‘The Real Life of Alejandro Mayta’: Vargas Llosa’s ‘other self’

The Vargas Llosa Chair at PUCP asked me what my favorite Vargas Llosa book is, and this is my answer: There are at least twelve novels by Mario Vargas Llosa and several books of essays that I consider essential reading—many of my favorite novels are by him: The Green House, Conversation in the Cathedral, The Aunt Julia and the Scriptwriter, The War of the End of the World, for example—so, in order not to revisit any of the most universally admired texts, I am going to focus on one of my most unlikely favorites, one that is often overlooked: The Real Life of Alejandro Mayta.

That novel, published in the Orwellian year of 1984, seems, like 1984, a book from the future. It is autofictional in a way that is infinitely more interesting than any autofiction today, and it is so meta-referential that it would have left Fredric Jameson—an admirer, incidentally, of The Aunt Julia—speechless. The Real Life of Michael Mayta  not only reproduces to the point of absurdity the image of its author at the very moment of writing the book, but also proposes an “other self” of Vargas Llosa who deliberately blurs the boundaries between chronicle and fiction, questions the legitimacy of distorting reality in fiction, and contrasts the figure of the historian who works with precarious information—how to historiate the undocumented?— with that of the novelist who revels in this precariousness —how can one not novelize the undocumented?— because he can supplement it with imagination.

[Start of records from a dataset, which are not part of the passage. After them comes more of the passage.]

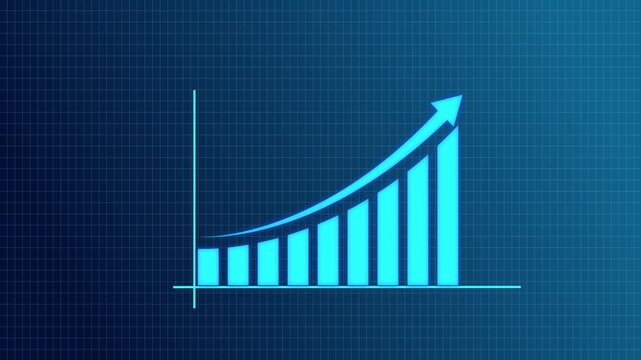 Statistics bars columns growth, arrow up. Finance, Bar graph going up, Profit concept, positive increase chart. graph with rising up arrow and bar stats; Financial data 4k Motion animated footage. 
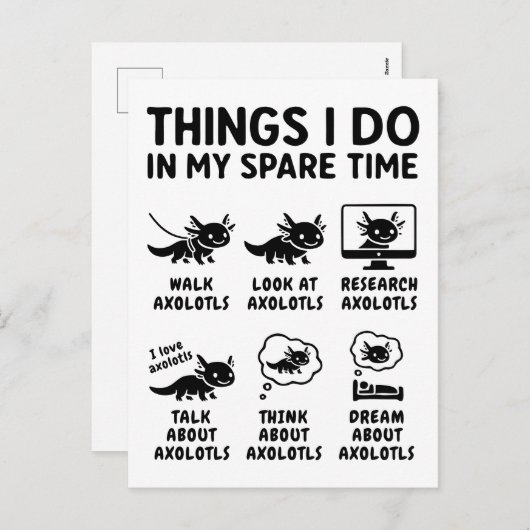 Things I Do In My Spare Time Axolotl Hobby Feestdagenkaart (Voorkant / Achterkant)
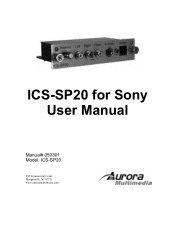 Sony ICS-SP20 User Manual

The last chapter of The Real Life of Alejandro Mayta, when the narrative suddenly reveals itself to be artifice and yet, at the same time, reveals itself to be more real, more pathetic, more personal, more tragic, and more monstrously human, must be the most surprising and intellectually original fictional ending in the history of the Peruvian novel. The Real Life of Alejandro Mayta, written immediately after his great total novel, The War of the End of the World, is already a sharp dismantling of the mechanism of the total novel, and the first example of the debate novel that Vargas Llosa would refine in later books such as El hablador, La fiesta del chivo, and Tiempos recios: the novel that does not avoid the thesis, but multiplies it, contrasting two or three or four theories of reality and taking a step back to wait for the reader to decipher or abandon them all, as if the author were suddenly no longer a Flaubert or a Henry James, but many.